Independent shareholders of China Resources Power (CRP) and sister firm China Resources Gas (CRG) are unlikely to vote in favour of their proposed merger unless the firms can provide more details about proposed post-merger investment into riskier new projects and quantify cost savings, analysts said.
While the firms said their proposed merger into a new entity called CR Energy Group would create "the largest Hong Kong-listed, mainland-focused integrated energy utility", analysts said bigger might not be better, unless cost savings and greater profitability could be quantified.
"The stock market does not necessarily reward an energy and utility firm solely because it is big," said Pierre Lau, head of Asia Pacific utilities research at Citi.

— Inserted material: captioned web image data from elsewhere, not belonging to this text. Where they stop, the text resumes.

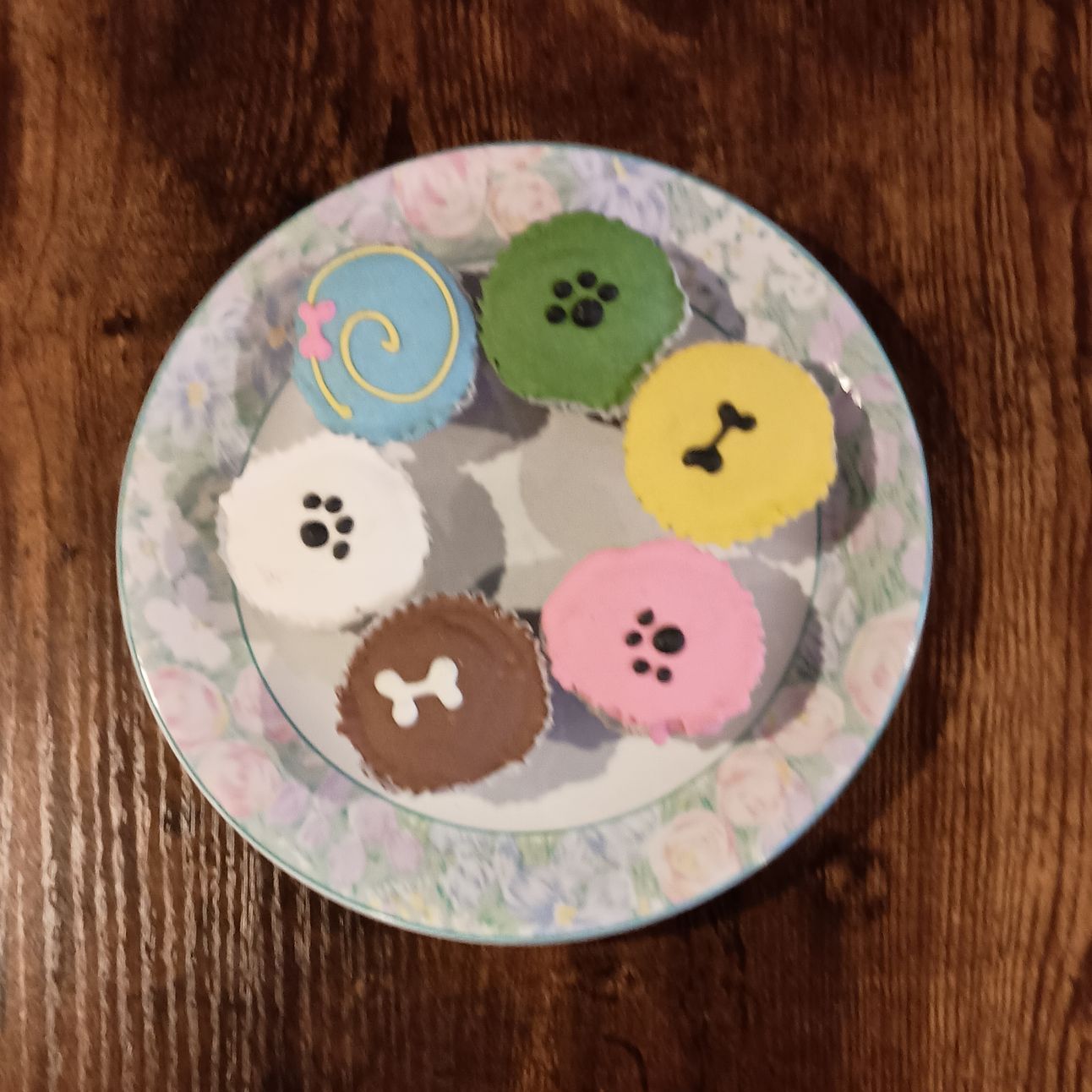 Colorful dog Cupcakes with paw and bone icing designs served at Smokey's Doggy Cafe.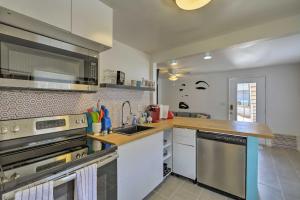 a kitchen with stainless steel appliances and a counter top at Trendy Apt on Route 66 - Near Standin on a Corner in Winslow
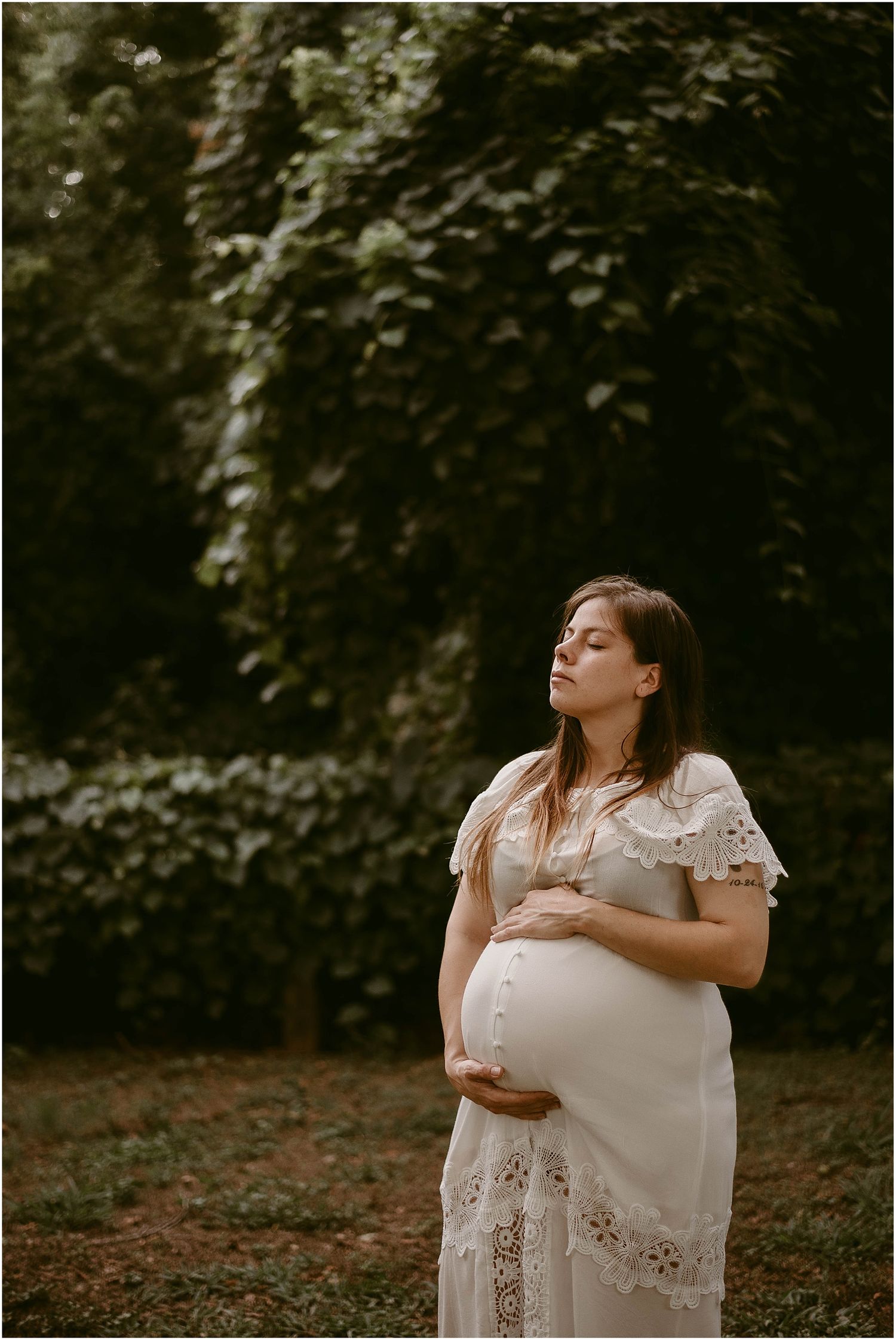 Artistic maternity photo of pregnant woman in white dress with eyes closed against ivy wall.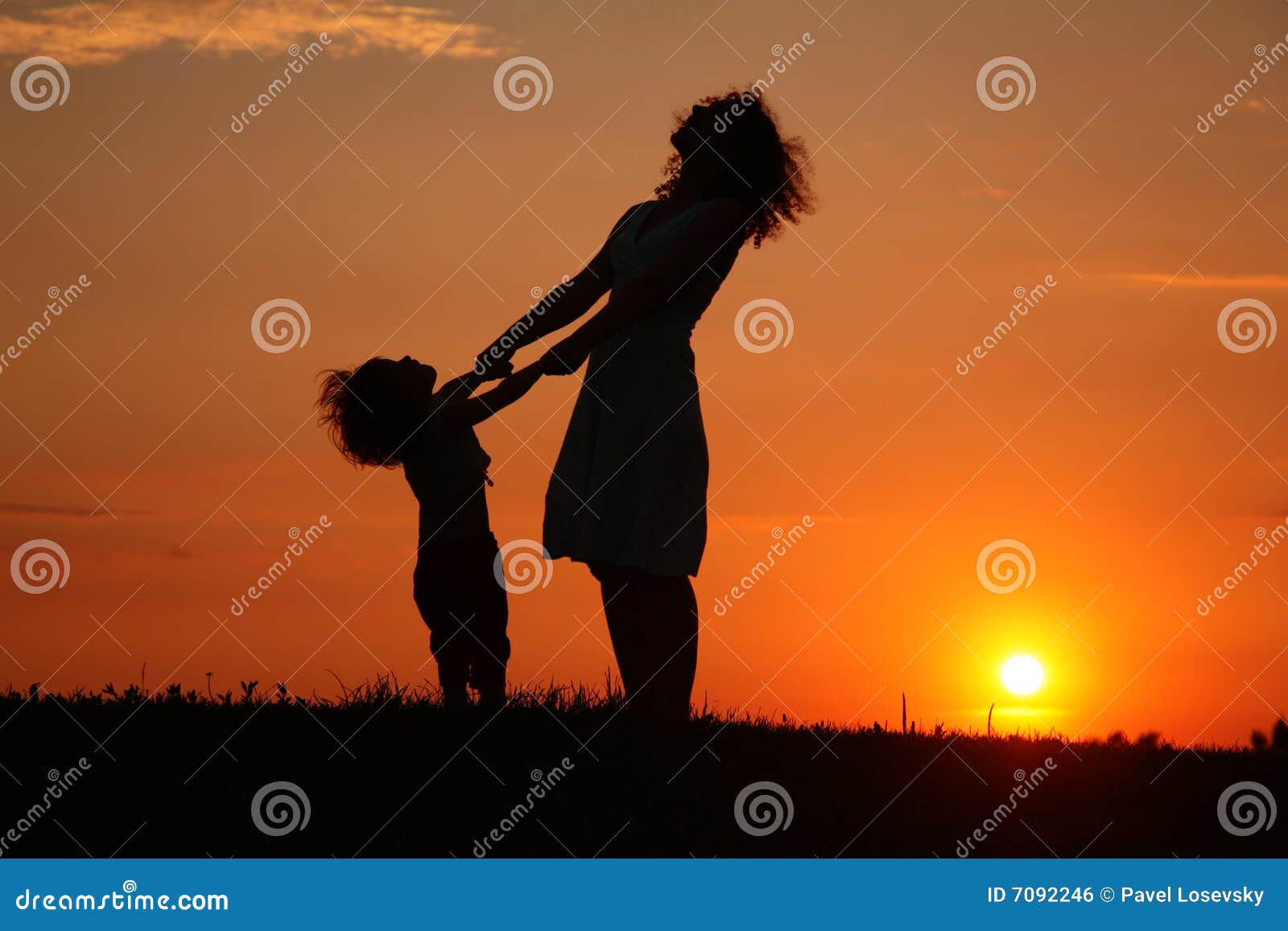 mother and daughter on sunset watching on sky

Post-merger, the combined market value of CRP and CRG would be HK$137 billion, exceeding the HK$111 billion of leader Huaneng Power International.
The merger would see every 100 CRG shares exchanged into 97 newly issued CRP shares, after which CRG would be delisted. The offer to CRG shareholders is 12.8 per cent higher than the firm's last traded share price prior to the announcement of the proposed merger. The proposal came as a surprise on May 10, as CRP and CRG operate in different industries - one being mainly a coal-fired power generator and the other a natural gas distributor.
Both are fund managers' darlings, meaning they can fetch valuations higher than most of their peers, as measured by their share price-to-earnings ratios, and both would have no problem raising funds independently in the capital market to support their planned expansions.
But state-owned China Resources - their majority shareholder, with 64 per cent of CRG and 63 per cent of CRP - has bigger plans for the combined entity.
In a joint statement on the proposed merger, CRP and CRG said CR Energy's "enlarged platform" would allow it to pursue "new business opportunities" in upstream gas production and midstream gas transportation. They include the production of conventional natural gas and various forms of unconventional gas - such as the extraction of methane gas trapped tightly between coal seams and shale rocks, the conversion of coal into methane gas, and the collection of methane gas from ovens that make coke used to smelt steel.
CR Energy will also consider building mid-stream infrastructure for long-distance transportation of gas, including facilities to liquefy and regasify natural gas, and liquefied natural gas (LNG) trucking facilities.
CR Energy also will consider expanding in "distributed power generation" - small-scale power production using cleaner fuel sources like natural gas, wind, solar, hydro and biomass.
While the new businesses enjoy state support and have ample room for growth, analysts are worried about the risks.
"[The] investment risk of upstream projects is higher than downstream [ones]," Lau wrote. "CR Gas added that the investment phase of upstream projects would be at least three to four years, and would not [bring] much profit ... [within] five years.
Lau quoted management as saying at an analysts' meeting that CR Energy may consider spending HK$10 billion to HK$30 billion in each of coal seam gas production, liquefaction of domestic gas and the regasification of imported LNG. It aims to have the capacity to produce 4 billion cubic metres of natural gas annually, which would help it achieve a target of raising annual gas sales to between 18 billion cubic metres (bcm) and 20 bcm by 2018 from 9 bcm last year, Lau said.
"To rally more support from independent shareholders, CRP will need to disclose more information about any potential up-stream and mid-stream gas project investments which could deliver reasonable risk-adjusted returns," Gary Chiu, CCB International Securities' head of energy research, said in a report.
"Also, management needs to quantify any potential cost savings after the merger."
Neither CRP nor CRG would comment, citing regulations. They said "some degree of operational cost synergies" can be reaped from potential sharing of administrative functions and lower financing cost due to greater "flexibility in funding of future capital expenditure".
Approval for the merger requires votes representing over 50 per cent of CRP's independent shareholders and votes representing more than 75 per cent of CRG's independent shareholders. The proposal will be rejected if votes representing more than 10 per cent of CRG's independent shareholders are against it.